Lightweight embedded document store — SQLite ergonomics, MongoDB-style queries
Project description
MooFile
A lightweight, embedded, single-file document store with a developer-friendly query API. No server. No infrastructure. Just a file and a library.
from moofile import Collection, count, mean
with Collection("mydata.bson", indexes=["email", "age"]) as db:
db.insert({"name": "Alice", "email": "alice@example.com", "age": 30})
result = (
db.find({"age": {"$gt": 25}})
.sort("age", descending=True)
.limit(10)
.to_list()
)
Why MooFile?
| SQLite | JSON file | MongoDB | MooFile | |
|---|---|---|---|---|
| No server | ✓ | ✓ | ✗ | ✓ |
| Document-oriented | ✗ | ✓ | ✓ | ✓ |
| Indexes | ✓ | ✗ | ✓ | ✓ |
| Developer-friendly API | ✗ (SQL) | ✓ (raw Python) | ✓ | ✓ |
| Single-file portability | ✓ | ✓ | ✗ | ✓ |
MooFile is the right tool when you want MongoDB-style ergonomics without running a server: local tooling, embedded applications, tests, small datasets, single-process services.
Target dataset size: megabytes to single-digit gigabytes.
Installation
pip install moofile
# or, with pandas support for .to_df():
pip install "moofile[pandas]"
Dependencies: pymongo (for BSON encoding) and sortedcontainers.
Quick Start
from moofile import Collection
# Open or create a collection. Indexes are declared here.
db = Collection("users.bson", indexes=["email", "status"])
# Insert
alice = db.insert({"name": "Alice", "email": "alice@example.com", "age": 30, "status": "active"})
print(alice["_id"]) # auto-generated 24-char hex string
db.insert_many([
{"name": "Bob", "email": "bob@example.com", "age": 22, "status": "trial"},
{"name": "Carol", "email": "carol@example.com", "age": 40, "status": "active"},
])
# Query
active = db.find({"status": "active"}).to_list()

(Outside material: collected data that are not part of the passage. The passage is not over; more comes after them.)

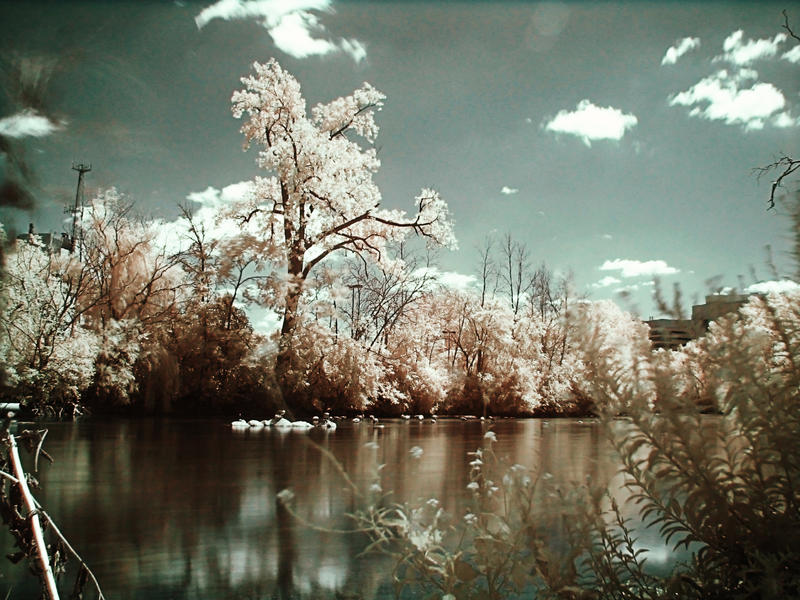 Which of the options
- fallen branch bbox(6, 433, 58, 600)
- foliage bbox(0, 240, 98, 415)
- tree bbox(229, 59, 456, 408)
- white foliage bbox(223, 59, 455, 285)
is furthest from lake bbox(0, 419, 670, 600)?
white foliage bbox(223, 59, 455, 285)

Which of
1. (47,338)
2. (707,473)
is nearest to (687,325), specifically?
(707,473)

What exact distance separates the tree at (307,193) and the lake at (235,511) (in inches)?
265

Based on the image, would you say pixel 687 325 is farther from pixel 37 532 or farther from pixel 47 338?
pixel 47 338

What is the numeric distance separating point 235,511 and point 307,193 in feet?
30.9

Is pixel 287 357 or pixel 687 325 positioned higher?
pixel 287 357

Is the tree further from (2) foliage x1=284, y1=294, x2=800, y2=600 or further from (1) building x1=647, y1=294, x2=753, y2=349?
(1) building x1=647, y1=294, x2=753, y2=349

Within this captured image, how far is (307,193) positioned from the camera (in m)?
11.4

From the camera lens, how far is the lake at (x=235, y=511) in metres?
1.64

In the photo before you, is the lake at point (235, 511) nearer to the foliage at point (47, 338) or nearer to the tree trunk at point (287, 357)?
the foliage at point (47, 338)

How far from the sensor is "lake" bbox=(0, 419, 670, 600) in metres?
1.64

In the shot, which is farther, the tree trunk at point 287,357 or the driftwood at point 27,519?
the tree trunk at point 287,357

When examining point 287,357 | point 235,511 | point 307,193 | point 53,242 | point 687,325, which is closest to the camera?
point 687,325

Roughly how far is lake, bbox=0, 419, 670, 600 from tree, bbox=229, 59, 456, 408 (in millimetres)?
6720

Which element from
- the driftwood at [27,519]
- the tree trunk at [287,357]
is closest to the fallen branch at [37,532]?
the driftwood at [27,519]
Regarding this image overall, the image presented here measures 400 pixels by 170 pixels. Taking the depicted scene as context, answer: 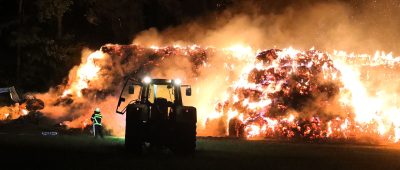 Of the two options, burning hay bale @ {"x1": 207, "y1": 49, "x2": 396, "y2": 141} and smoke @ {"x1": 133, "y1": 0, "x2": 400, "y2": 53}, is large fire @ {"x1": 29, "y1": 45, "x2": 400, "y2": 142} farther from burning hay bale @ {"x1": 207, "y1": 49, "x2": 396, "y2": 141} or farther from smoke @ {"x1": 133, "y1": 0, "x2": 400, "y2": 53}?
smoke @ {"x1": 133, "y1": 0, "x2": 400, "y2": 53}

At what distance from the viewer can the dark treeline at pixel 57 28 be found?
163 feet

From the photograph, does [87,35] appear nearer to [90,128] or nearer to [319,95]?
[90,128]

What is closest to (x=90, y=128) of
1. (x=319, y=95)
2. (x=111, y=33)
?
(x=319, y=95)

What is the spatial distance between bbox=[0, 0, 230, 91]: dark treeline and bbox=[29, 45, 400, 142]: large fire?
11.5m

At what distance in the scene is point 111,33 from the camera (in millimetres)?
53469

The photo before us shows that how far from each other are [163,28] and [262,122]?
1965 centimetres

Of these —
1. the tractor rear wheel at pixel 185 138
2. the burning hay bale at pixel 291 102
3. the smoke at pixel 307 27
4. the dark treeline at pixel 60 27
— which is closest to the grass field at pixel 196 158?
the tractor rear wheel at pixel 185 138

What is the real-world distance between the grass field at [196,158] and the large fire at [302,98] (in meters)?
8.59

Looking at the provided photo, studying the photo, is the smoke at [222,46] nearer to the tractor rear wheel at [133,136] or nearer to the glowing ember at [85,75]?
the glowing ember at [85,75]

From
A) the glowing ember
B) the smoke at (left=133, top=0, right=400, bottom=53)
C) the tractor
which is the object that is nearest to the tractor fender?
the tractor

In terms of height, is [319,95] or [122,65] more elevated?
[122,65]

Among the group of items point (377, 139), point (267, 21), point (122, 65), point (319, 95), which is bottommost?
point (377, 139)

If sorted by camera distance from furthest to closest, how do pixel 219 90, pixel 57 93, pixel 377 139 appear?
pixel 57 93, pixel 219 90, pixel 377 139

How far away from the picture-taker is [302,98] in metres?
34.4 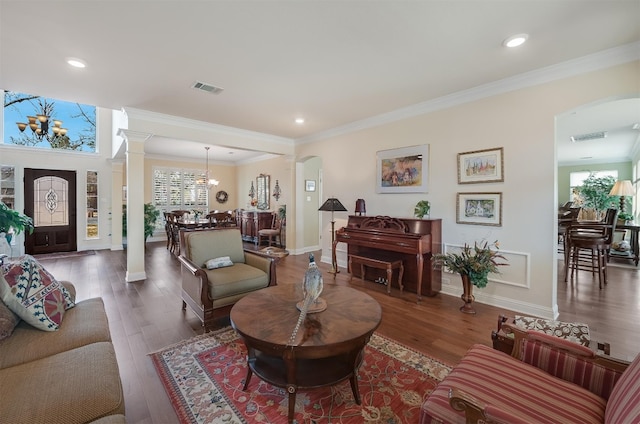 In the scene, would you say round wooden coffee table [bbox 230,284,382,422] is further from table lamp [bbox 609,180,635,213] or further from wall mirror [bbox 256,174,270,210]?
table lamp [bbox 609,180,635,213]

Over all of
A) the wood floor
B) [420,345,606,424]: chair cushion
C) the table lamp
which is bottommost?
the wood floor

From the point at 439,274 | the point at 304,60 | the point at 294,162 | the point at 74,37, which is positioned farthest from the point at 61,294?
the point at 294,162

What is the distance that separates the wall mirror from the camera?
8930mm

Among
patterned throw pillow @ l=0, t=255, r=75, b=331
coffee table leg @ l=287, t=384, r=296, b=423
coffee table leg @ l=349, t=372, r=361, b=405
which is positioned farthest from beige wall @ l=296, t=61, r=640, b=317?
patterned throw pillow @ l=0, t=255, r=75, b=331

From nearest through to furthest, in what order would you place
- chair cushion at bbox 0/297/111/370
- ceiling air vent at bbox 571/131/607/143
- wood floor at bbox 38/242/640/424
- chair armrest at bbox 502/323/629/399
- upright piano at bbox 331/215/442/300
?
chair armrest at bbox 502/323/629/399 → chair cushion at bbox 0/297/111/370 → wood floor at bbox 38/242/640/424 → upright piano at bbox 331/215/442/300 → ceiling air vent at bbox 571/131/607/143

young = db.find({"age": {"$lt": 30}}).sort("age").to_list()
one = db.find_one({"email": "alice@example.com"})
# Update
db.update_one({"email": "alice@example.com"}, set={"age": 31})
db.update_many({"status": "trial"}, set={"status": "expired"})
# Delete
db.delete_one({"email": "carol@example.com"})
db.delete_many({"status": "expired"})
# Always close when done (or use a context manager)
db.close()
Key Differences & Gotchas
MooFile's API looks like MongoDB but has important differences that can trip up coding agents:
- Updates use Python keyword args:
update_one(filter, set={...}, inc={...})NOTupdate_one(filter, {"$set": {...}}) - update_one/replace_one are strict: Raise
DocumentNotFoundErrorif no match (MongoDB silently no-ops) - delete_one returns bool: Returns
True/False, NOT a result object like MongoDB - Vector/text search return tuples:
[(doc, score), ...]NOT plain document lists likefind() - Single-threaded only: No concurrent write safety — serialize writes at application layer
- No nested field indexes: Only top-level fields can be indexed (no
"user.name"paths) - No joins or $lookup: No cross-document references or aggregation pipelines
- No async API: All operations are synchronous
- Filters vs updates: Filters use MongoDB-style
{"field": {"$gt": 5}}but updates use kwargsset={"field": value} - Explicit compaction: Dead records accumulate until you call
db.compact()
File Layout
A MooFile database is two files:
users.bson ← append-only document store, source of truth
users.bson.meta ← index configuration (JSON, human-readable)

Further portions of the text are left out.